Church, is decidedly more complex. The church is a community where I as a Christian can work to hone my focus that I may more adequately (or less inadequately) glorify God as part of a corporate body. Yet, when I return to Boston after the holidays or at other points throughout the year, I find myself feeling as though I exist on a parallel plane of existence with respect to the rest of the Cornerstone community. As in anime, where after a convention I describe myself as an observer not a fan, at church there are times where I feel like I am more mere attendee than congregant. There’s no real way to rationalize this feeling. It doesn’t make sense. I love being at Cornerstone. But at times, it certainly feels like not being an Asian-American man has limited my ability to develop meaningful relationships with a circle of guys; relationships where the details on our lives flow bidirectionally. Instead, I feel more like a stray sheep being fed before my shepherd returns to bring me back to my metaphorical herd.

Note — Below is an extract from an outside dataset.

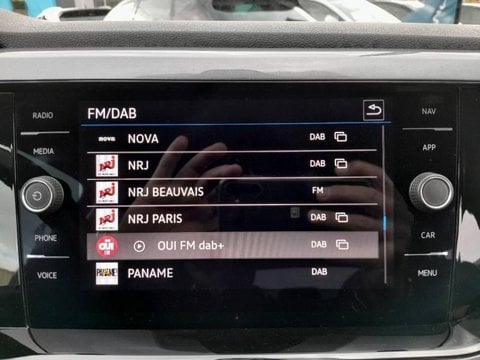 Voitures D'occasion À Pierrelaye | Volkswagen Taigo 1.5 Tsi 150Ch Style Dsg7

I don’t know what to do with this. I know the words I’ve written here are extremely hurtful to many people I truly love. Yet, it’s exactly how I feel in these moments of racially-induced depression. What is the solution? Find more black people in Boston? Open up more? Find different hobbies? Learn Korean? I have no idea how to change this. This isn’t an Acts 6 situation where a group of Christians are neglected systematically. This is just me. The fuck is wrong with me? I’m tired of feeling alien. Cast my burdens on the Lord? This shit’s like an assembly line and my shoulders are the resting place of the finished product. The scars of churches’ past create the burdens for the church of the present I suppose.

If you read this stream of consciousness, more power to you. I only pray that one day I can be so filled with joy that I feel compelled to write a piece that simply says “look at what the Lord has done for me.” One genuine, no-BS, five minute piece like this one. Because in that day, the trivialities of feeling my blackness melt away into becoming an component of who I am and not the overt shell of my inner self.